Partant, le jugement est confirmé en ce qu'il a fixé la date du point de départ de la période au cours de laquelle M. [F] est redevable d'une indemnité d'occupation à la date du 26 mai 2014 qui est celle du prononcé de l'ordonnance de non-conciliation.
Sur les demandes accessoires
Aux termes de l'article 696 du code de procédure civile, la partie perdante est condamnée aux dépens, à moins que le juge, par décision motivée n'en mette la totalité ou une fraction à la charge de l'autre partie.
Au vu de la solution apportée au litige par le présent arrêt, les parties échouent partiellement en leurs prétentions ; elles supporteront donc les dépens qu'elles ont engagés.
En application de l'article 700 du code de procédure civile, le juge condamne la partie tenue aux dépens ou qui perd son procès à payer à l'autre partie la somme qu'il détermine au titre des frais exposés et non compris dans les dépens ; le juge tient compte de l'équité ou de la situation économique de la partie condamnée ; il peut même d'office, pour des raisons tirées des mêmes considérations dire qu'il n'y a pas lieu à condamnation.

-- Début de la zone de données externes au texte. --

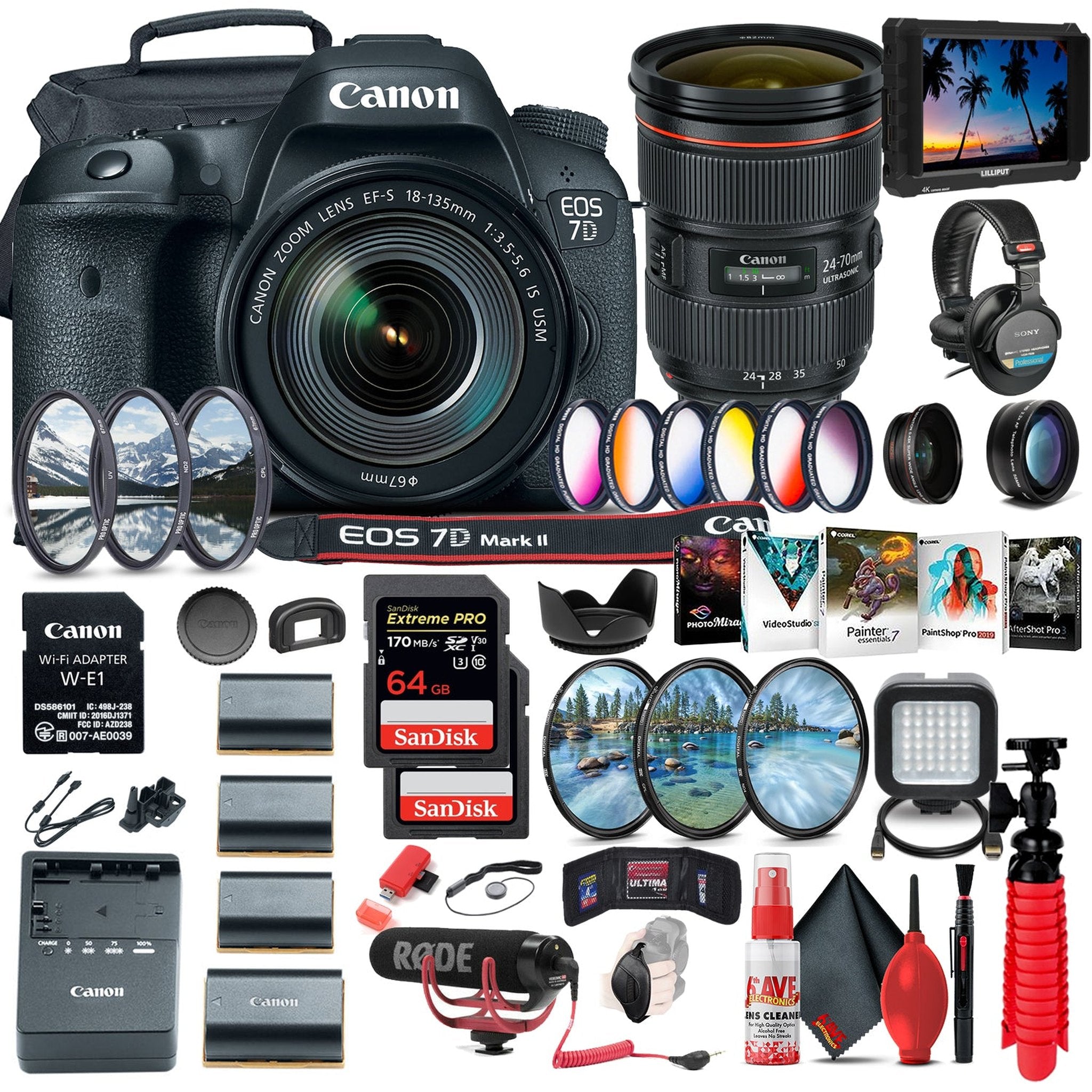 Canon EOS 7D Mark II DSLR Camera W/ 18-135mm f/3.5-5.6 IS USM Lens & W-E1 Innovative Bundle Canon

Au vu de cette répartition des dépens, il n'y a pas lieu de faire droit à la demande présentée par Mme [U] [V] sur le fondement de l'article 700 du code de procédure civile ; elle se voit donc déboutée de sa demande à ce titre.
PAR CES MOTIFS
La cour statuant publiquement par arrêt contradictoire et dans les limites de l'appel,
Infirme le jugement en ce qu'il a dit que le bien sis en Lettonie, à [Adresse 4] est un bien commun ;
Statuant à nouveau de ce chef infirmé :
Dit que le bien sis en Lettonie, à [Adresse 4] est un bien propre de Mme [U] [V] ;
Confirme le jugement pour le surplus des chefs dévolus à la cour ;
Y ajoutant :
Dit que les parties supporteront les dépens d'appel qu'elles ont engagés ;
Déboute Mme [U] [V] de sa demande de condamnation au titre de l'article 700 du code de procédure civile.